Its on the cover of all of there dvd's. "Fair Chase". Drury boys dont play the fence game.


----------



## Snook

From what I understand is that he shot it in Holmes county Ohio. He is a logger by trade and has access to some good farms. If anyone watches the Drury videos (Dream Season) you would see that he and Tim Woods won it last year(2008). They both shot Boone Crockett bucks last year on video. The one Ben shot last year during Ohio's firearm season(think it was on Thurs) is even BIGGER! Fair chase hunts.


----------



## buckeyes1998

I have hunted some of the same spot before he moved to southern Ohio as Ben. He is a class act, talking to him in the woods he reminded me of the next Bill Jordan. His one camrea guy is great to he use to be a pitcher in the big leagues untill he hurt his shoulder.
But these guys are 100% far chase. Go get them Ben


----------



## Carpn

big_mike said:


> I believe all of the Drury outdoors hunts are 100% fair chase, which means no high fences. I may be wrong, but I don't think they would allow a prostaffer to hunt a high fence area.

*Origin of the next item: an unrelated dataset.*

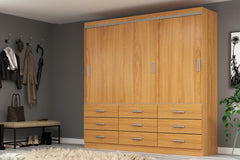 Guarda Roupa Casal 3 Portas 9 Gavetas-Isabela
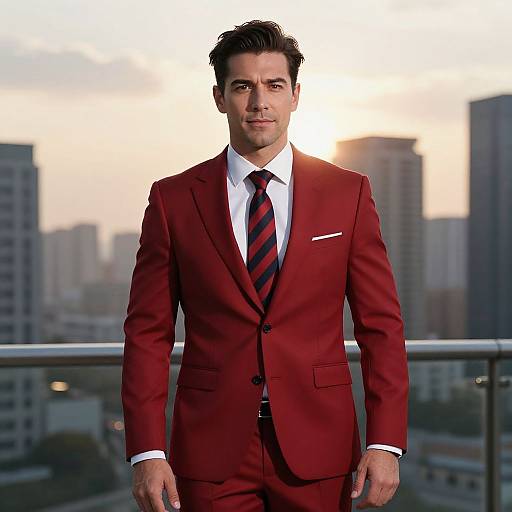 Confident Man in Red Suit Urban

You are right. I was answering his question about if it was the place off 70....I said no., the place off 70 is a high fence place.I wasn't trying to say he kilt it in a high fence.
..Like everyone else said he kilt this deer near millersburg. One of my good friends lives about 2 miles from Ben and is decent friends with him.


----------



## CRAPPIE LOVER

High Fence...Low Fence or No Fence..Damn nice buck in anybody's book...Just remember one thing the Drury Brothers are in business..To sell there products or there sponsor's....


----------



## sam kegg

dang big ole buck


----------